2011 LearningRelationalPatterns

From GM-RKB
Jump to navigation Jump to search

Subject Headings: Relational Pattern; Relational Pattern Language; Relational Pattern Learning System; Polynomial Time; Recursive Relation; Formal Language; Target Language; Regular Language

Notes

Cited By

Quotes

Abstract

Patterns provide a simple, yet powerful means of describing formal languages. However, for many applications, neither patterns nor their generalized versions of typed patterns are expressive enough. This paper extends the model of (typed) patterns by allowing relations between the variables in a pattern. The resulting formal languages are called Relational Pattern Languages (RPLs). We study the problem of learning RPLs from positive data (text) as well as the membership problem for RPLs. These problems are not solvable or not efficiently solvable in general, but we prove positive results for interesting subproblems. We further introduce a new model of learning from a restricted pool of potential text]]s. Probabilistic assumptions on the process that generates words from patterns make the appearance of some words in the text more likely than that of other words. We prove that, in our new model, a large subclass of RPLs can be learned with high confidence, by effectively restricting the set of likely candidate patterns to a finite set after processing a single positive example.

1 Introduction

2 Learning (Typed) Pattern Languages

3 Relational Patterns

In order to model interdependencies between the substitutions of variables, we introduce relations between variables into the definition of patterns.

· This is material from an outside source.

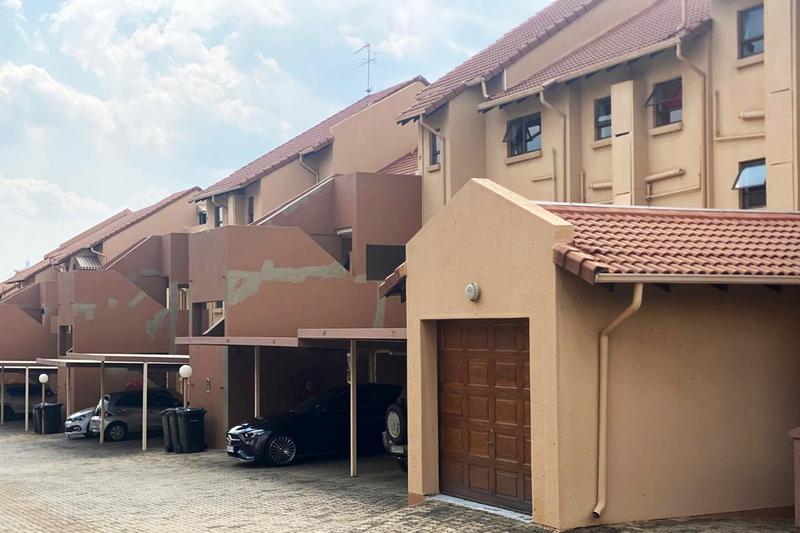 2 Bedroom Property for Sale in Bedfordview Gauteng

Definition 3 Let [math]\displaystyle{ R }[/math] be a set of relations over [math]\displaystyle{ \Sigma^* }[/math]. Then, for any [math]\displaystyle{ n \in N_+ }[/math], [math]\displaystyle{ R_n }[/math] denotes the set of [math]\displaystyle{ n }[/math]-ary relations in [math]\displaystyle{ R }[/math]. A relational pattern with respect to [math]\displaystyle{ \Sigma }[/math] and [math]\displaystyle{ R }[/math] is a pair [math]\displaystyle{ (p,v_R) }[/math] where [math]\displaystyle{ p }[/math] is a pattern over [math]\displaystyle{ \Sigma }[/math] and [math]\displaystyle{ v_R \subseteq \{(r,y_1,\cdots,y_n) | n \in N_+, r \in R_n, }[/math] and [math]\displaystyle{ y_1,\cdots,y_n }[/math] are variables in [math]\displaystyle{ p\} }[/math]. The set of relational patterns with respect to [math]\displaystyle{ R }[/math] will be denoted by [math]\displaystyle{ Pat_{\Sigma, R} }[/math].

The set of all possible substitutions for [math]\displaystyle{ (p,v_R) }[/math] is denoted [math]\displaystyle{ \Theta_{(p,v_R),\Sigma} }[/math] It contains all substitutions [math]\displaystyle{ \theta \in \Theta_{\Sigma} }[/math] that fulfill, for all [math]\displaystyle{ n \in N_+ }[/math]:

[math]\displaystyle{ \forall\, r\in R_n \; \forall \,y_1,\dots,y_n \in X \Big[r, y_1,\cdots, y_n \in v_R \Rightarrow \left(\theta(y_1), \cdots, \theta(y_n)\right) \in r\Big] }[/math]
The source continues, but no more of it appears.